◆ How to complete this task: Your answer should consist only of the lines below from the one with "Bed Wars for PC Bed Wars for PC" through the one with "Luxushotel Tester Reiseblog", copied exactly.
(Information shown Opens)
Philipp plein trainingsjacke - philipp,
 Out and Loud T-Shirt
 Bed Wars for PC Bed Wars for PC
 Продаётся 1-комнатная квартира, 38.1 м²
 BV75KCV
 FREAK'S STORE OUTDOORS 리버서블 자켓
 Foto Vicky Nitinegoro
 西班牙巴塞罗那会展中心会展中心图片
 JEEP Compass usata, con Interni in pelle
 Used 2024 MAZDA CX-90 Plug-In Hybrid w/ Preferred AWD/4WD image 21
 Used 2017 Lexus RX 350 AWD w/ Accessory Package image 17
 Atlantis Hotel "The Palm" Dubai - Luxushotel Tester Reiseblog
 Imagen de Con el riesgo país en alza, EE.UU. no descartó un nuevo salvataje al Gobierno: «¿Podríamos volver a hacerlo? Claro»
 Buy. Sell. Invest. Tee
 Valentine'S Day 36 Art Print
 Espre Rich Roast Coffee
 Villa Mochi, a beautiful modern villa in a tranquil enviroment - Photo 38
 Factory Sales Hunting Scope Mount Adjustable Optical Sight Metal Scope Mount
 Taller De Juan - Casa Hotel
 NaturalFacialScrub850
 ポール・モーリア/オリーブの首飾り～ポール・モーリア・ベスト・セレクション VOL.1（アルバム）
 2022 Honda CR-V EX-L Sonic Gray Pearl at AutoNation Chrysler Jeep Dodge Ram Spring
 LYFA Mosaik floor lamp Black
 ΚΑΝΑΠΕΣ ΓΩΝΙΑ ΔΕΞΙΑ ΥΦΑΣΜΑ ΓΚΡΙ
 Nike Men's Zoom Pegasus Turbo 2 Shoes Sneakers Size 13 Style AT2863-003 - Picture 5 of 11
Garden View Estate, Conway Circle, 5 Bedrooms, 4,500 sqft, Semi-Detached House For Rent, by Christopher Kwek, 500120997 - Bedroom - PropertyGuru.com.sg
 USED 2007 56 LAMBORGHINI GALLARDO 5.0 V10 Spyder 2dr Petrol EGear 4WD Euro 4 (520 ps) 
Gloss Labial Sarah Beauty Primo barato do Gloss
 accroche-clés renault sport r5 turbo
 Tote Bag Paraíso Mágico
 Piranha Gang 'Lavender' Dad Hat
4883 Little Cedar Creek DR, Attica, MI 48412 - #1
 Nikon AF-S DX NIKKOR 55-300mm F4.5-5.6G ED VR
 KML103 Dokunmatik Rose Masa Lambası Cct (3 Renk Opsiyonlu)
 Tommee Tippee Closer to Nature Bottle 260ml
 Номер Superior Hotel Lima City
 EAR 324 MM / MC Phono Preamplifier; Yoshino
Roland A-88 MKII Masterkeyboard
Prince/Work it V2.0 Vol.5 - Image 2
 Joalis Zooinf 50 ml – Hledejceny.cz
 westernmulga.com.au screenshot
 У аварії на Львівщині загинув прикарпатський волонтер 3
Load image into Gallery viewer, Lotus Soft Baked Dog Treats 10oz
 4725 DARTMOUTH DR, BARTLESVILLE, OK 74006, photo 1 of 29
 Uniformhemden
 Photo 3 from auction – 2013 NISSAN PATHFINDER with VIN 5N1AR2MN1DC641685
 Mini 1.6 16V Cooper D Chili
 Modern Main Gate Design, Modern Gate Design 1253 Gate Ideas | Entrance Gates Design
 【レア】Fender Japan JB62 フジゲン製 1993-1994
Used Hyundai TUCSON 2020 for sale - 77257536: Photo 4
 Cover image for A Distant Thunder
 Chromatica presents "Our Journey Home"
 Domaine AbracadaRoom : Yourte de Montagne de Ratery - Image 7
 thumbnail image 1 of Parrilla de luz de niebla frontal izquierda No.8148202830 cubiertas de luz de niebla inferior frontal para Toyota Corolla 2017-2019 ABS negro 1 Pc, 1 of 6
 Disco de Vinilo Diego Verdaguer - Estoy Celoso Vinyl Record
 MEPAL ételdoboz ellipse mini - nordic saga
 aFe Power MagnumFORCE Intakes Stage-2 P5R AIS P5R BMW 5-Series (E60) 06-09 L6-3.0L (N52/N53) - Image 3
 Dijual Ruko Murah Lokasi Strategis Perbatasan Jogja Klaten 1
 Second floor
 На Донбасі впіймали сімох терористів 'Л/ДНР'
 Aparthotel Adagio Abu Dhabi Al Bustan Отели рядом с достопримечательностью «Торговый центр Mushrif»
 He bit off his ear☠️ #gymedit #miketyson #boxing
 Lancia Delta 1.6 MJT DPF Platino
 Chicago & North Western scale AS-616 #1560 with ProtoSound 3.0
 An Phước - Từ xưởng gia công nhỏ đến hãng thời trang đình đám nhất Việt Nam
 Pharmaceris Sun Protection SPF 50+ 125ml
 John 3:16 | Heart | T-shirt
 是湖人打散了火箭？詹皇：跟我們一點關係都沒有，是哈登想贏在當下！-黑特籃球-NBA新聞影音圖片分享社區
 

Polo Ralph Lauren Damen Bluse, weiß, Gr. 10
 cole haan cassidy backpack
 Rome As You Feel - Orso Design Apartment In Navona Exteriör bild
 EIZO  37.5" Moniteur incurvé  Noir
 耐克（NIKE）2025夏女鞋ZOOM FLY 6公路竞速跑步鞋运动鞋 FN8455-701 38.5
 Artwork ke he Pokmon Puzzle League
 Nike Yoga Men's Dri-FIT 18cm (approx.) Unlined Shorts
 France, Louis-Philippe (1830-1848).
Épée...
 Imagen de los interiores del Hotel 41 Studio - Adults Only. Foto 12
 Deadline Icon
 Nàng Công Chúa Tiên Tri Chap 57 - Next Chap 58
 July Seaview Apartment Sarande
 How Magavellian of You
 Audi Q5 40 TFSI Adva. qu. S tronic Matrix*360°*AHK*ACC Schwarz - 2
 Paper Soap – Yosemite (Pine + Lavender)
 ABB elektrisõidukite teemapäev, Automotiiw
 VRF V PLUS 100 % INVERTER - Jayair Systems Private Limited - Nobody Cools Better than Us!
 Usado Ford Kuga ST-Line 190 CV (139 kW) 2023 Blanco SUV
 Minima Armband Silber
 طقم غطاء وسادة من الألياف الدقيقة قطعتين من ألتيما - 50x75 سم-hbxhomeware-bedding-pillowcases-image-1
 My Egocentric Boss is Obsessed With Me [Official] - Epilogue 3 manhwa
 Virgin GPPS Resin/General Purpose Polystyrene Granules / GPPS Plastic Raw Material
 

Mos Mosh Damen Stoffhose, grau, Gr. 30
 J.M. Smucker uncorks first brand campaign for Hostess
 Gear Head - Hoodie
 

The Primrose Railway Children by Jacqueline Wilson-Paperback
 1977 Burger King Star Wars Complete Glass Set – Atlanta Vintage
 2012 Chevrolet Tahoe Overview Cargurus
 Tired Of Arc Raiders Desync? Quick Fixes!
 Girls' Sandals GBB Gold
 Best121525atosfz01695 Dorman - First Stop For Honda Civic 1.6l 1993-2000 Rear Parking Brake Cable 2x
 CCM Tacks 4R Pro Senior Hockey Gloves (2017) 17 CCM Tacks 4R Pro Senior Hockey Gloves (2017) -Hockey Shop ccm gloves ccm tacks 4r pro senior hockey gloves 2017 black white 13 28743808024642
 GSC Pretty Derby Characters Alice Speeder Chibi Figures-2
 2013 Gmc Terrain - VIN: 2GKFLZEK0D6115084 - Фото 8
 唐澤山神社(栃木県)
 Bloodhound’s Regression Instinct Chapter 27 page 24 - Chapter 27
(Information shown Closes)
◆ Your response:
 Bed Wars for PC Bed Wars for PC
 Продаётся 1-комнатная квартира, 38.1 м²
 BV75KCV
 FREAK'S STORE OUTDOORS 리버서블 자켓
 Foto Vicky Nitinegoro
 西班牙巴塞罗那会展中心会展中心图片
 JEEP Compass usata, con Interni in pelle
 Used 2024 MAZDA CX-90 Plug-In Hybrid w/ Preferred AWD/4WD image 21
 Used 2017 Lexus RX 350 AWD w/ Accessory Package image 17
 Atlantis Hotel "The Palm" Dubai - Luxushotel Tester Reiseblog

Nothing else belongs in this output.